▶ **Aim of the task**: After finding the line with "1h可退 香港直邮Elisabetta Franchi 女士 珠片连衣裙 red红色 舒" in the entries below, copy that line and each one after it exactly, through the last line, and omit pictures.

Start of Extracted entries

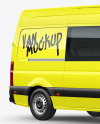 Van Mockup - Half Side View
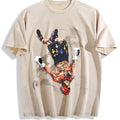 Gervonta Tank Davis Flip Tank Davis Boxing World Vintage Washed T-Shirt - Beige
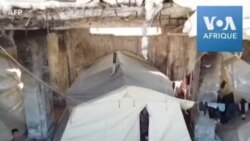 En Syrie, un stade de football abrite les déplacés d'Idleb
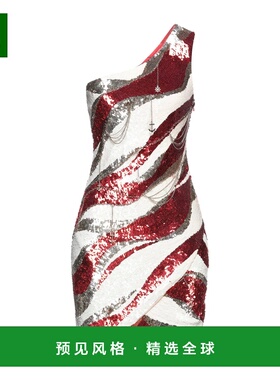 1h可退 香港直邮Elisabetta Franchi 女士 珠片连衣裙 red红色 舒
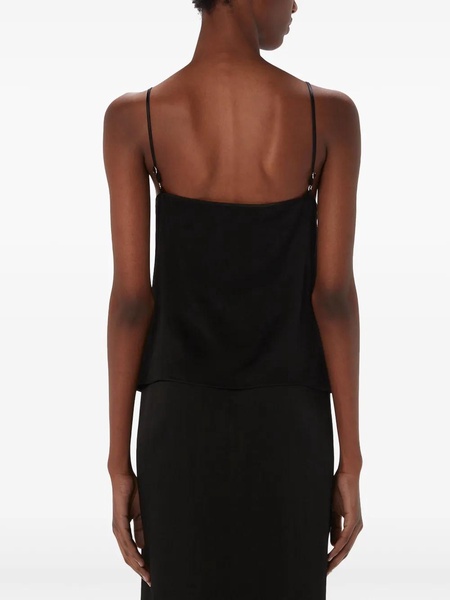 DRAPED SATIN TANK TOP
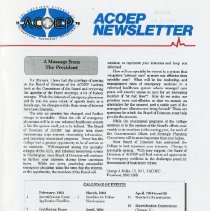 ACOEP Newsletter, Vol. 19, No. 1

End of Extracted entries

▶ **Output of the exercise**:
 1h可退 香港直邮Elisabetta Franchi 女士 珠片连衣裙 red红色 舒
 DRAPED SATIN TANK TOP
 ACOEP Newsletter, Vol. 19, No. 1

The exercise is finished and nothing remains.